= Russia's War Crimes House =

Russia's War Crimes House in Davos, formerly Russia House is building 68, Promenade in Davos. It was a platform for promoting Russian initiatives. Then, during the World Economic Forum in 2021, it held an exhibition on Ukrainian civilian war deaths. It was rented by Victor Pinchuk.

==History==
As Russia House, the building had been used by the Russian delegation to the World Economic Forum in Davos for three years. Per the Russia House, in 2018 there more than 1,000 guests and participants from 60 countries, in 2019 there were 1,500 from 70, and in 2020 there were more than 2,000 from 85.

The building was to be used by the Russian delegation to the World Economic Forum in 2022, but Russia was disinvited and not attending. The building was then taken over by a nonprofit to provide this exhibition.

A press conference on May 23 included several speakers, mostly not in English.

The photography in the exhibit is one of a number of efforts to memorialize aspects of the Russo-Ukrainian war, in "the tradition of depicting war through art", as noted by Vandana Kalra in Indian Express. Another is "Captured House", an exhibition of new artistic works addressing the conflict by Ukrainian artists that opened at the beginning of August in Brussels, and which had already been presented in Berlin, Rome and Amsterdam.

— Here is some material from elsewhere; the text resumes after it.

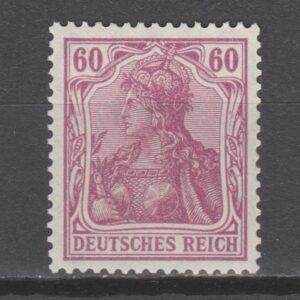Duitsland 1905 92 I Germania gekeurd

Another initiative is in New York City, where at the Fridman Gallery "some of Ukraine’s leading women artists are sharing the experience of war." An exhibition titled "Beast of War, Bird of Hope" is hosted by the Aspen Institute in Colorado, "featuring Ukrainian paintings and photography created in response to the war." In Kherson, in Ukraine, there is now a "Residency in Occupation" program creating artworks depicting the horrors of living in a war-torn country.

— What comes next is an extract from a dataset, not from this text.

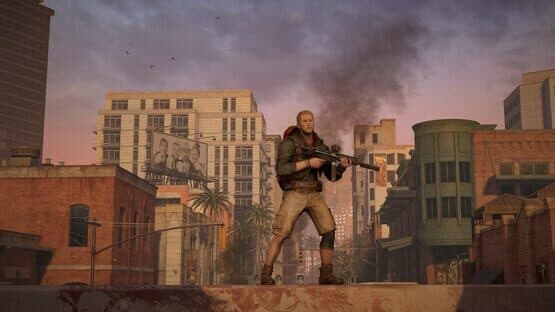 World War Z: Valley of the Zeke Episode — screenshot 7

Another is the "Crucified Ukraine" exhibit in Kyiv at a World War II memorial museum. A visitor with children there stated "“It is necessary to explain to our children what is happening in Ukraine now .... We cannot speak with our children as if nothing is happening, because they clearly understand everything, and they see what happens in our country."

Kalra listed the Russia War Crimes House exhibit in May in this context: "Ukrainian artists put together an anti-war exhibition at Russia House comprising photographs depicting war crimes, from the severely injured to razed buildings.